Although under Article 48, a light felony should not be included in a complex crime, yet by virtue of this ruling of the Supreme Court, the light felony shall be included in the same information charging the offender with grave and/or less grave felonies resulting from the negligence of reckless imprudence and this runs counter to the provision of Article 48. So while the Supreme Court ruled that the light felony resulting from the same criminal negligence should be complexed with the other felonies because that would be a blatant violation of Article 48, instead the Supreme Court stated that an additional penalty should be imposed for the light felony. This would mean two penalties to be imposed, one for the complex crime and one for the light felony. It cannot separate the light felony because it appears that the culpa is crime itself and you cannot split the crime.
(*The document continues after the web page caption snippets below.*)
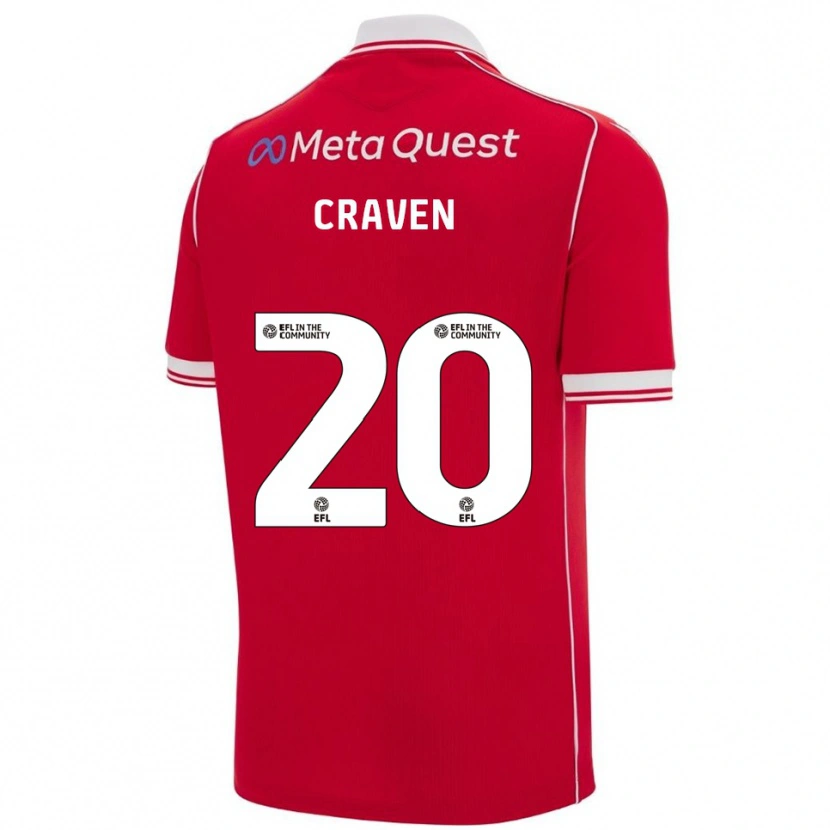 Danxen Mujer Camiseta Lizzie Craven #20 Rojo Blanco 1ª Equipación 2025/26 La Camisa México
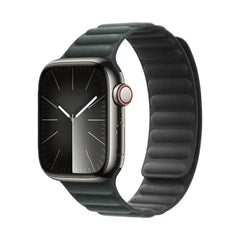 Magnetic Leather Apple Watch Bands - 13 color options 38mm - 49mm -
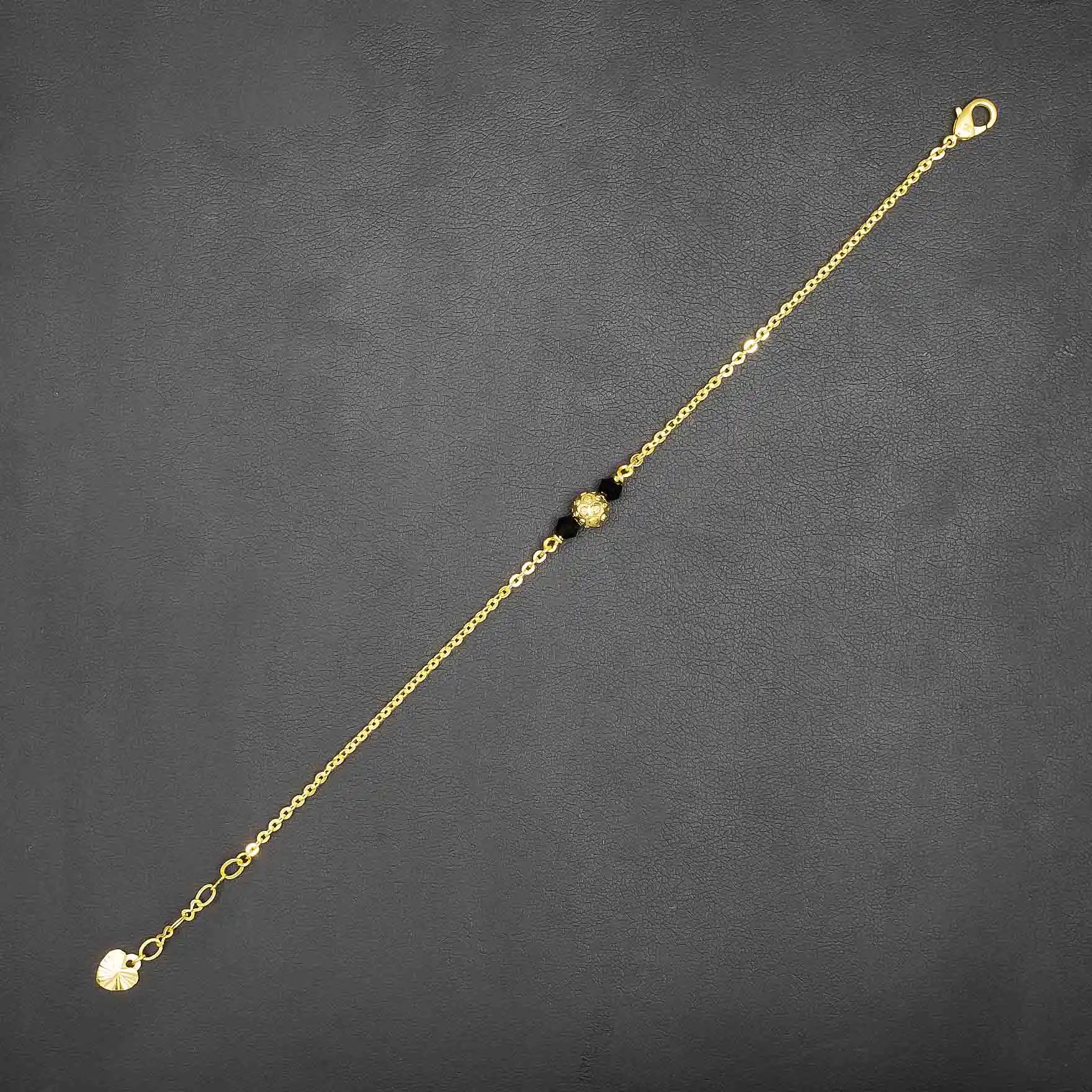 Buy 24k Gold Layered Stone Bracelet Online | Parakkat Jewels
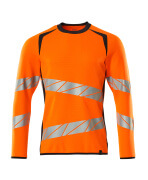 19084-781-14010 Sweatshirt - hi-vis orange/dark navy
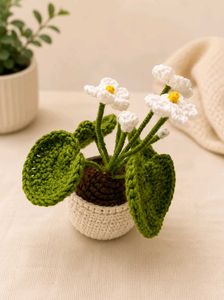 Mini Crochet Water Lily Plant
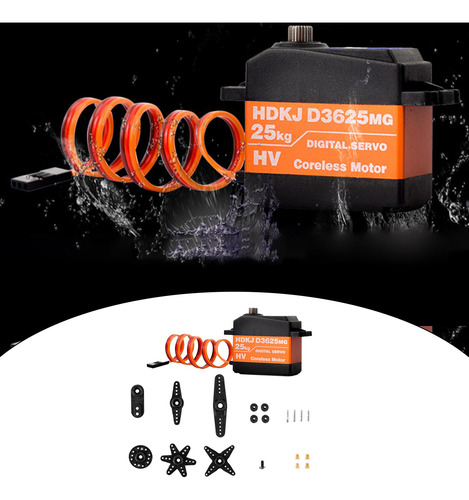 Servo Digital De Alto Par De 25 Kg Para 1/8 1/10 Rc Modelo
Applying the concept of the “continued crime”, the following cases have been treated as constituting one crime only:

(1) The theft of 13 cows belonging to two different persons committed by the accused at the same place and period of time (People v. Tumlos, 67 Phil. 320);

(2) The theft of six roosters belonging to two different owners from the same coop and at the same period of time (People v. Jaranillo);

(3) The illegal charging of fees for service rendered by a lawyer every time he collects veteran’s benefits on behalf of a client who agreed that attorney’s fees shall be paid out of such benefits (People v. Sabbun, 10 SCAR 156). The collections of legal fees were impelled by the same motive, that of collecting fees for services rendered, and all acts of collection were made under the same criminal impulse.

(1) Two Estafa cases, one which was committed during the period from January 19 to December, 1955 and the other from January 1956 to July 1956 (People v. Dichupa, 13 Phil 306). Said acts were committed on two different occasions;

(2) Several malversations committed in May, June and July 1936 and falsifications to conceal said offenses committed in August and October, 1936. The malversations and falsifications were not the result of one resolution to embezzle and falsify (People v. CIV, 66 Phil. 351);

(3) Seventy-five estafa cases committed by the conversion by the agents of collections from the customers of the employer made on different dates.

In the theft cases, the trend is to follow the single larceny doctrine, that is taking of several things, whether belonging to the same or different owners, at the same time and place, constitutes one larceny only. Many courts have abandoned the separate larceny doctrine, under which there was distinct larceny as to the property of each victim.

Also abandoned is the doctrine that the government has the discretion to prosecute the accused for one offense or for as many distinct offenses as there are victims (Santiago v. Justice Garchitorena, decided on December 2, 1993). Here, the accused was charged with performing a single act – that of approving the legalization of aliens not qualified under the law. The prosecution manifested that they would only file one information. Subsequently, 32 amended informations were filed. The Supreme Court directed the prosecution to consolidate the cases into one offense because (1) they were in violation of the same law – Executive Order No. 324; (2) caused injury to one party only – the government; and (3) they were done in the same day. The concept of delito continuado has been applied to crimes under special laws since in Article 10, the Revised Penal Code shall be supplementary to special laws, unless the latter provides the contrary.